Exercise: Every line from the beginning of the data through the line containing "Плита газовая настольная" should be reproduced exactly, and no further lines should be output.

(Stored data entries)
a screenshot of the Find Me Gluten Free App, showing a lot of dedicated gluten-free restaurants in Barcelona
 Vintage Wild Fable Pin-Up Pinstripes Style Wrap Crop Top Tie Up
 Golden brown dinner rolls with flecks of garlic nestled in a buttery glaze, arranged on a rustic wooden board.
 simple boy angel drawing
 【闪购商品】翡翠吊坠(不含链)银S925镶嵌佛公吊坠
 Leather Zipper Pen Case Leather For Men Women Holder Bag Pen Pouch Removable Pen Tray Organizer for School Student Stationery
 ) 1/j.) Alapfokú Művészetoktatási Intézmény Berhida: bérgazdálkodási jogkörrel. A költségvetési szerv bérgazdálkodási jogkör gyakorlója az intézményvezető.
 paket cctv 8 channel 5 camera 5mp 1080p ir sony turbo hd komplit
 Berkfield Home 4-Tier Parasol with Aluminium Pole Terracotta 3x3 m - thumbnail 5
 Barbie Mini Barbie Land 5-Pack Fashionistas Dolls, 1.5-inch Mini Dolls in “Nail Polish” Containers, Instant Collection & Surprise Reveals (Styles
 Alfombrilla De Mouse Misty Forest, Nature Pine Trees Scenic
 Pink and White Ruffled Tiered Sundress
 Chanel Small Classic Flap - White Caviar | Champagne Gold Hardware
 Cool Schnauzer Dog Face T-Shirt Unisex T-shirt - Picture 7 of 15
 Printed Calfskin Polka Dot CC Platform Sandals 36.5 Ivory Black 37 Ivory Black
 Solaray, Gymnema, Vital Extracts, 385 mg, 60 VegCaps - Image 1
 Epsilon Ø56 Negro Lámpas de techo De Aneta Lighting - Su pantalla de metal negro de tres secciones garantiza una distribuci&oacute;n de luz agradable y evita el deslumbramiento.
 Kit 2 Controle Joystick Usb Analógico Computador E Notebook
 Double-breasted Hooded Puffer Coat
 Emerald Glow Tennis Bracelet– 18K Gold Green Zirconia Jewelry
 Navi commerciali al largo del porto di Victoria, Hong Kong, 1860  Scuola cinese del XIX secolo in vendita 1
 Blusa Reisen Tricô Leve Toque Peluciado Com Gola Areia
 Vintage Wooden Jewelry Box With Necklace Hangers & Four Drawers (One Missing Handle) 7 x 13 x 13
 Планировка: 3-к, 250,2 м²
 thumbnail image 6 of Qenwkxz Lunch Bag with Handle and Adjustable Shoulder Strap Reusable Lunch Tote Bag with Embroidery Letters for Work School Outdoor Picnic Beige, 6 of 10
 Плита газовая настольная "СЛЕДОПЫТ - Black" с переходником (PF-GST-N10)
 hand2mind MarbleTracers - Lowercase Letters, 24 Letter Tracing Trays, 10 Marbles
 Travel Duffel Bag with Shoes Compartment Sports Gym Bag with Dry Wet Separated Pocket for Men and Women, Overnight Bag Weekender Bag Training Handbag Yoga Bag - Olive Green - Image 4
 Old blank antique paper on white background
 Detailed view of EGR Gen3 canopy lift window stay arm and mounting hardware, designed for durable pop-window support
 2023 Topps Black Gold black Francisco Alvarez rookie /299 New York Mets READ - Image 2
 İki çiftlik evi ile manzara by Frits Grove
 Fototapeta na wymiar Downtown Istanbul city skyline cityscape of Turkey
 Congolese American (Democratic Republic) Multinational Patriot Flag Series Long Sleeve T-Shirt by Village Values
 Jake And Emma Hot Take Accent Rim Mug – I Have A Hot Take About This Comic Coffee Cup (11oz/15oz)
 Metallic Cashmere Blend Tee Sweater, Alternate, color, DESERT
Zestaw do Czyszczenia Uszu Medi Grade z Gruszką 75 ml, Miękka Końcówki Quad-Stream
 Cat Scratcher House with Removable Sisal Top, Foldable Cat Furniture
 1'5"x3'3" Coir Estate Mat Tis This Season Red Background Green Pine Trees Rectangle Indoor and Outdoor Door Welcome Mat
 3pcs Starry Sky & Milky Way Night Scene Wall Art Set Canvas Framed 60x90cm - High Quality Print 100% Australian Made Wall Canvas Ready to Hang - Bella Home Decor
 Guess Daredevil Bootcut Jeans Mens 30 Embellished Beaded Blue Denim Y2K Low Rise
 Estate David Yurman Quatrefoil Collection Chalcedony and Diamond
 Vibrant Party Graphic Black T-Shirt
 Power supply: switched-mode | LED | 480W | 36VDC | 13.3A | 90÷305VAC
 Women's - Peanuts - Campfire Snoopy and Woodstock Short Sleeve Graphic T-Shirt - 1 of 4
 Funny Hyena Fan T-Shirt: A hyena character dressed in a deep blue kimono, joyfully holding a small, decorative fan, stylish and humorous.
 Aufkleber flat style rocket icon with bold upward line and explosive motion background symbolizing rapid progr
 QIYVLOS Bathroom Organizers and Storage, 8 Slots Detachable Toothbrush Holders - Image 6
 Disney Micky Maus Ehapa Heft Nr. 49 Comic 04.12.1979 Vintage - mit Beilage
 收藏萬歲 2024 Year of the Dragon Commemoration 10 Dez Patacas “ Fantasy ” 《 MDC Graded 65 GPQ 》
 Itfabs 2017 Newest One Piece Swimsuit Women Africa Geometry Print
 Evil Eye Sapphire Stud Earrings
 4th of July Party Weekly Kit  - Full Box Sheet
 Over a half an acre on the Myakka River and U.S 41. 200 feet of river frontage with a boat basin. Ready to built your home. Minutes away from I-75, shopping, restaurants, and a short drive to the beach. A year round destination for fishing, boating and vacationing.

Response area:
a screenshot of the Find Me Gluten Free App, showing a lot of dedicated gluten-free restaurants in Barcelona
 Vintage Wild Fable Pin-Up Pinstripes Style Wrap Crop Top Tie Up
 Golden brown dinner rolls with flecks of garlic nestled in a buttery glaze, arranged on a rustic wooden board.
 simple boy angel drawing
 【闪购商品】翡翠吊坠(不含链)银S925镶嵌佛公吊坠
 Leather Zipper Pen Case Leather For Men Women Holder Bag Pen Pouch Removable Pen Tray Organizer for School Student Stationery
 ) 1/j.) Alapfokú Művészetoktatási Intézmény Berhida: bérgazdálkodási jogkörrel. A költségvetési szerv bérgazdálkodási jogkör gyakorlója az intézményvezető.
 paket cctv 8 channel 5 camera 5mp 1080p ir sony turbo hd komplit
 Berkfield Home 4-Tier Parasol with Aluminium Pole Terracotta 3x3 m - thumbnail 5
 Barbie Mini Barbie Land 5-Pack Fashionistas Dolls, 1.5-inch Mini Dolls in “Nail Polish” Containers, Instant Collection & Surprise Reveals (Styles
 Alfombrilla De Mouse Misty Forest, Nature Pine Trees Scenic
 Pink and White Ruffled Tiered Sundress
 Chanel Small Classic Flap - White Caviar | Champagne Gold Hardware
 Cool Schnauzer Dog Face T-Shirt Unisex T-shirt - Picture 7 of 15
 Printed Calfskin Polka Dot CC Platform Sandals 36.5 Ivory Black 37 Ivory Black
 Solaray, Gymnema, Vital Extracts, 385 mg, 60 VegCaps - Image 1
 Epsilon Ø56 Negro Lámpas de techo De Aneta Lighting - Su pantalla de metal negro de tres secciones garantiza una distribuci&oacute;n de luz agradable y evita el deslumbramiento.
 Kit 2 Controle Joystick Usb Analógico Computador E Notebook
 Double-breasted Hooded Puffer Coat
 Emerald Glow Tennis Bracelet– 18K Gold Green Zirconia Jewelry
 Navi commerciali al largo del porto di Victoria, Hong Kong, 1860  Scuola cinese del XIX secolo in vendita 1
 Blusa Reisen Tricô Leve Toque Peluciado Com Gola Areia
 Vintage Wooden Jewelry Box With Necklace Hangers & Four Drawers (One Missing Handle) 7 x 13 x 13
 Планировка: 3-к, 250,2 м²
 thumbnail image 6 of Qenwkxz Lunch Bag with Handle and Adjustable Shoulder Strap Reusable Lunch Tote Bag with Embroidery Letters for Work School Outdoor Picnic Beige, 6 of 10
 Плита газовая настольная "СЛЕДОПЫТ - Black" с переходником (PF-GST-N10)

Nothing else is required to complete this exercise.